● RAW DATA

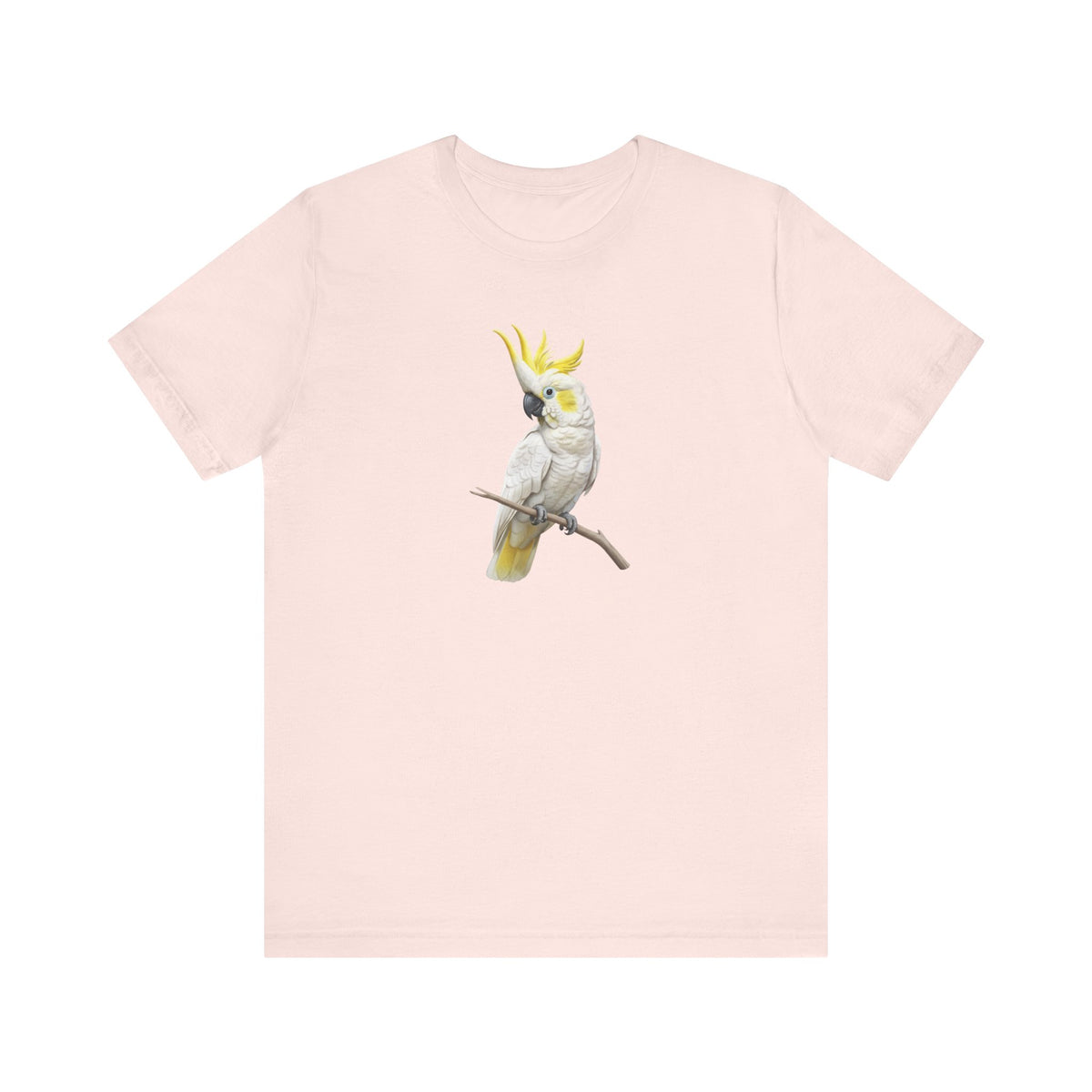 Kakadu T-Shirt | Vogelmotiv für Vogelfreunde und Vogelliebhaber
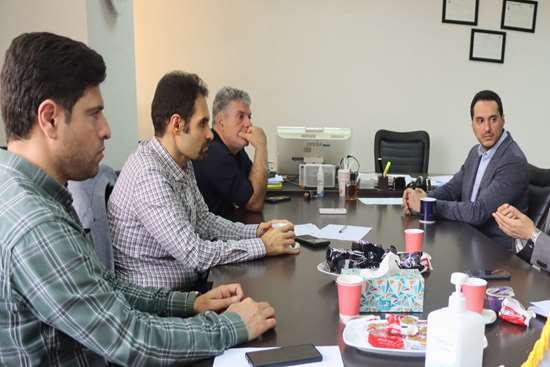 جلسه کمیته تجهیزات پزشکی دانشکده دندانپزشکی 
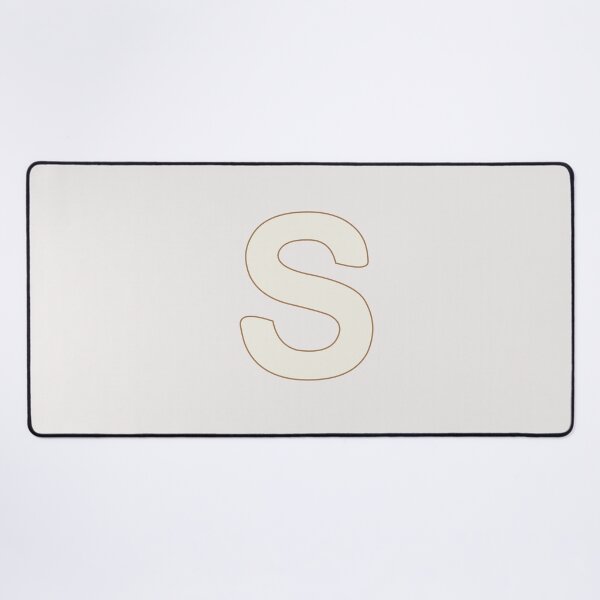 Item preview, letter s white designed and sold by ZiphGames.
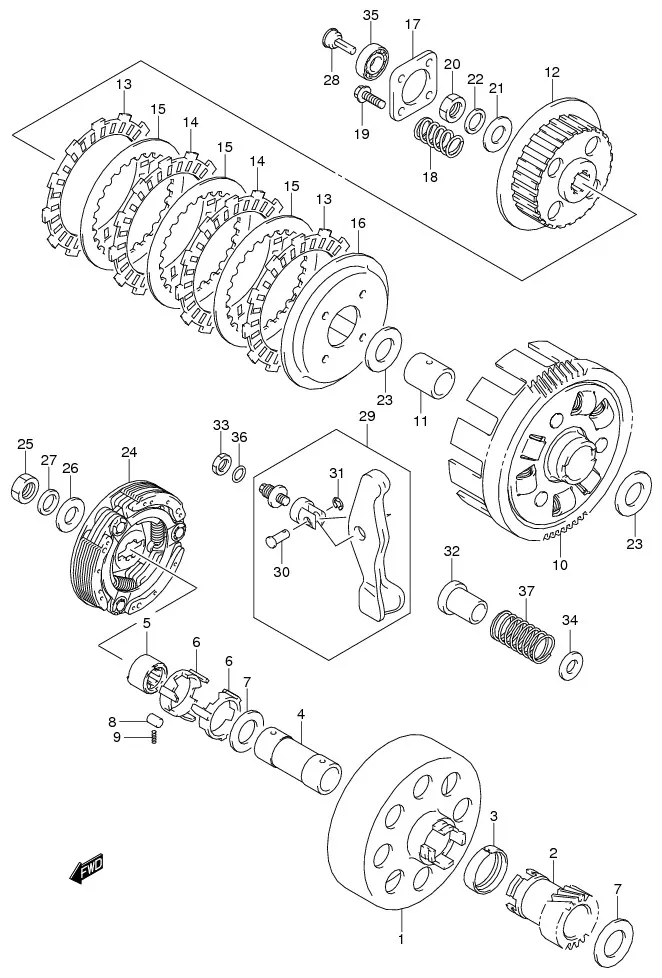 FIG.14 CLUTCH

● WHAT YOU WILL DO
Lines before the one containing "Item preview, letter" are not wanted; repeat that line and the rest of the listing exactly, leaving out pictures.

● RESULT OF THE EXERCISE
 Item preview, letter s white designed and sold by ZiphGames.
 FIG.14 CLUTCH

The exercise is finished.